- **TASK**: Would you please transcribe the data in full and exactly, excluding images?

- **DATA PROVIDED**:
━━━

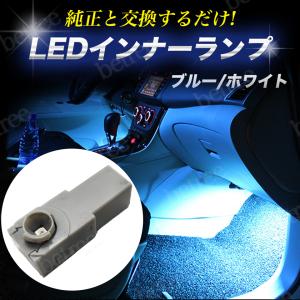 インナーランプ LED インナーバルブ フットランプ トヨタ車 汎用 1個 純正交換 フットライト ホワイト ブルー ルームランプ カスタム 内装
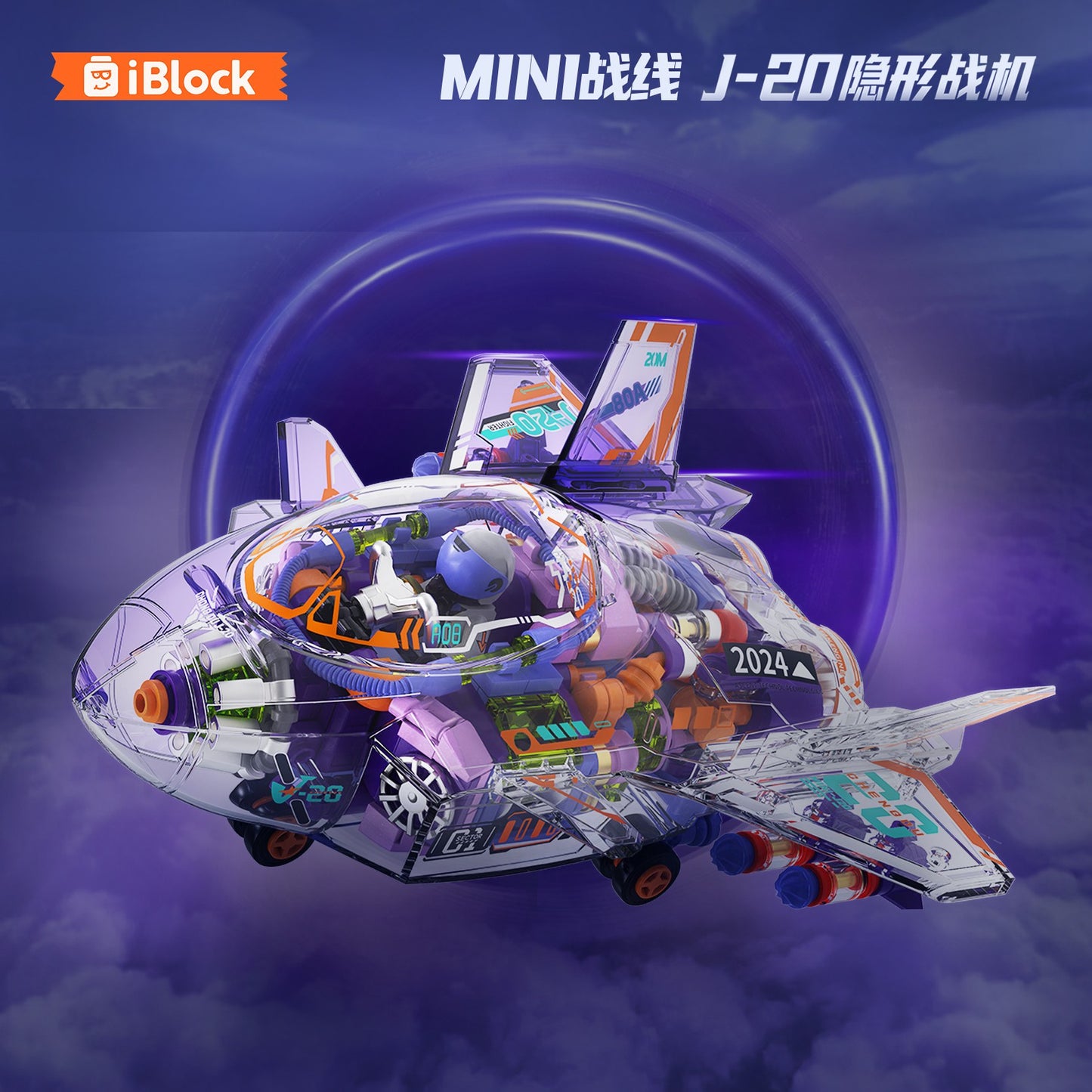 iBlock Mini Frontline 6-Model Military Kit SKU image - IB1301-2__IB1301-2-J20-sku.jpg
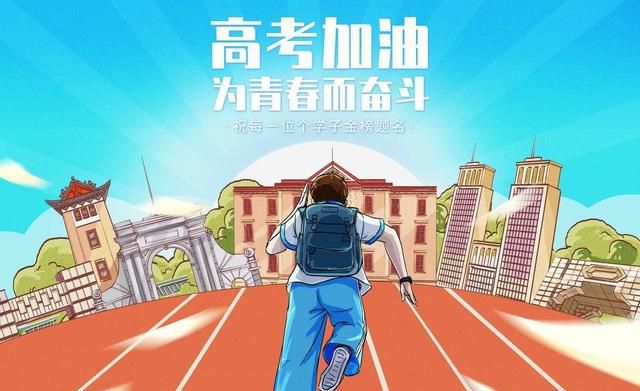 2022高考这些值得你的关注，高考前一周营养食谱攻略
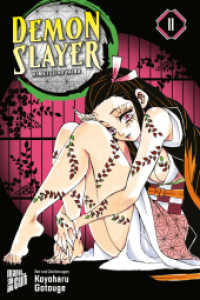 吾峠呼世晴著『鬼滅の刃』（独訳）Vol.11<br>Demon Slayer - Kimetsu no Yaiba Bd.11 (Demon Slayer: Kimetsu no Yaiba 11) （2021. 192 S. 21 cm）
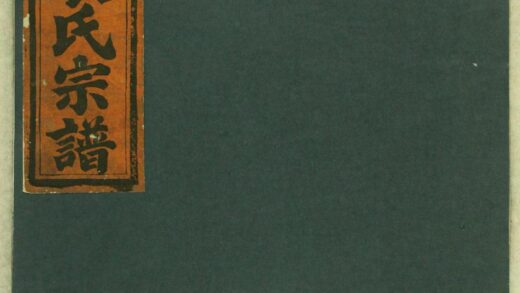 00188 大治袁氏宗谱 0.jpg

━━━

- **RESULT FOR THIS TASK**:
 インナーランプ LED インナーバルブ フットランプ トヨタ車 汎用 1個 純正交換 フットライト ホワイト ブルー ルームランプ カスタム 内装
 iBlock Mini Frontline 6-Model Military Kit SKU image - IB1301-2__IB1301-2-J20-sku.jpg
 2022高考这些值得你的关注，高考前一周营养食谱攻略
 吾峠呼世晴著『鬼滅の刃』（独訳）Vol.11<br>Demon Slayer - Kimetsu no Yaiba Bd.11 (Demon Slayer: Kimetsu no Yaiba 11) （2021. 192 S. 21 cm）
 00188 大治袁氏宗谱 0.jpg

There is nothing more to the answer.